(EXERCISE DIRECTIONS)
The result should be all the records, exact and complete, without a single picture.

(INFORMATION SHOWN)
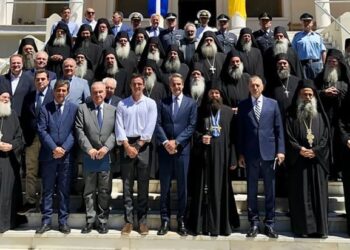 Ν.ΔΑΠΕΡΓΟΛΑΣ, “ΤΟ ΚΑΡΥΩΤΙΚΟ ΜΑΝΤΡΙ ΣΕ ΝΕΕΣ ΠΕΡΙΠΕΤΕΙΕΣ”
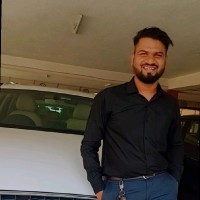 Suraj Mahadik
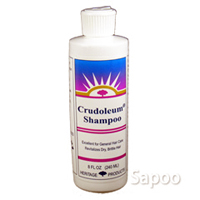 クルドレウムヘアシャンプー 240ml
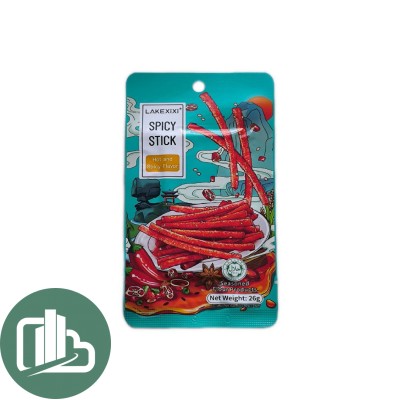 Соевое мясо 26г 1/30 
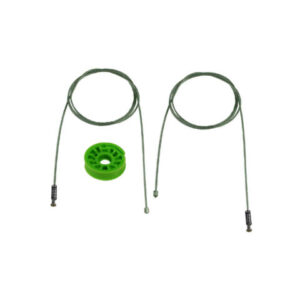 KIT REPARO MAQ LINEA/PUNTO 07>18 DIANT - DIR/ESQ - S/ARRASTE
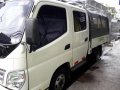 Foton Tornado 2011 Manual Diesel for sale in Parañaque-2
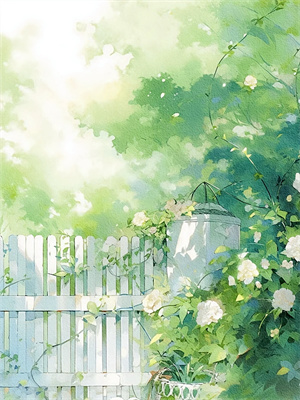 完结版《缱绻东风误花期》章节阅读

(RESULT OF THIS EXERCISE)
 Ν.ΔΑΠΕΡΓΟΛΑΣ, “ΤΟ ΚΑΡΥΩΤΙΚΟ ΜΑΝΤΡΙ ΣΕ ΝΕΕΣ ΠΕΡΙΠΕΤΕΙΕΣ”
 Suraj Mahadik
 クルドレウムヘアシャンプー 240ml
 Соевое мясо 26г 1/30 
 KIT REPARO MAQ LINEA/PUNTO 07>18 DIANT - DIR/ESQ - S/ARRASTE
 Foton Tornado 2011 Manual Diesel for sale in Parañaque-2
 完结版《缱绻东风误花期》章节阅读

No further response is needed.